▶ **Dataset entries**
= = = =
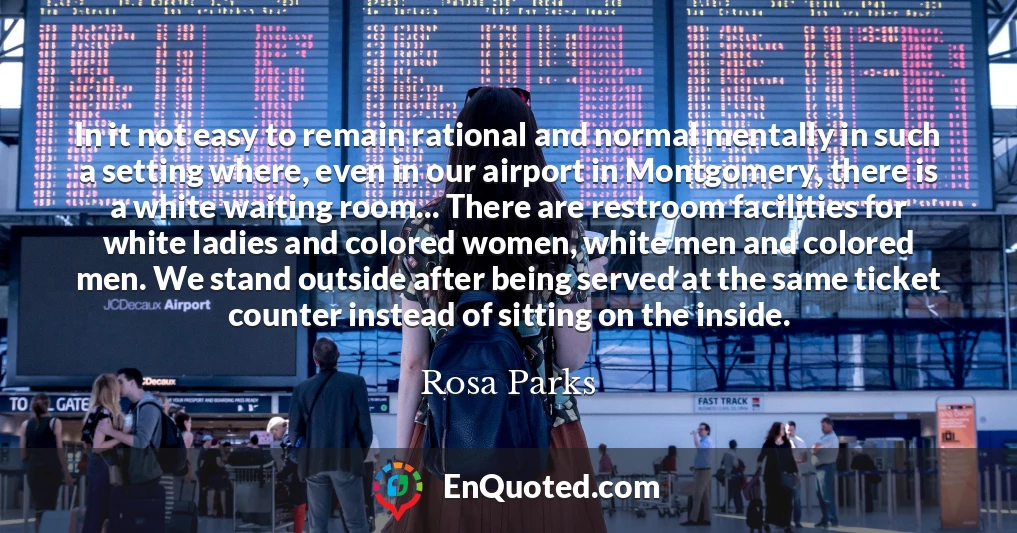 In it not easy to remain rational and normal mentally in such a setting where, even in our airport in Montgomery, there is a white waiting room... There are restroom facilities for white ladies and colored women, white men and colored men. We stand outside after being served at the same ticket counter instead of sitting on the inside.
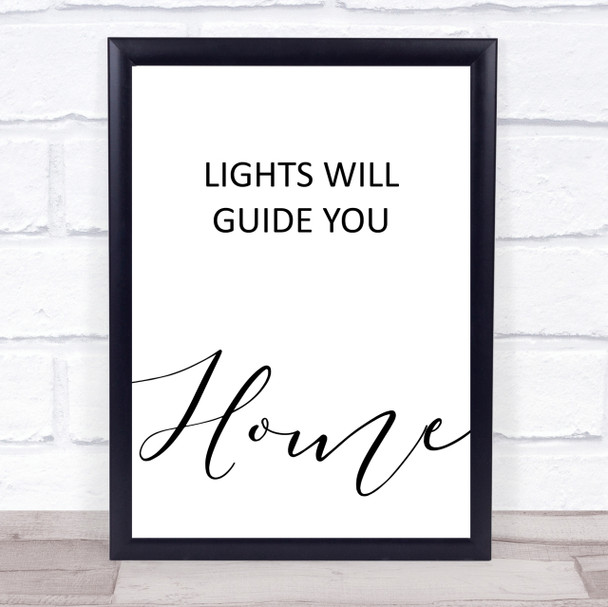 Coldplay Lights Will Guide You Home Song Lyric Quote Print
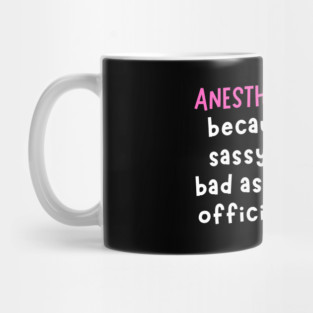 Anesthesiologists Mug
= = = =
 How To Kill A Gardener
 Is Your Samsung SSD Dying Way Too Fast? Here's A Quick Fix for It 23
= = = =
▶ **What you will do**
For this exercise, set down the lines in the entries above from the one with "Coldplay Lights Will" through the one with "Anesthesiologists Mug" exactly as written, without any pictures.

▶ **Response box**
 Coldplay Lights Will Guide You Home Song Lyric Quote Print
 Anesthesiologists Mug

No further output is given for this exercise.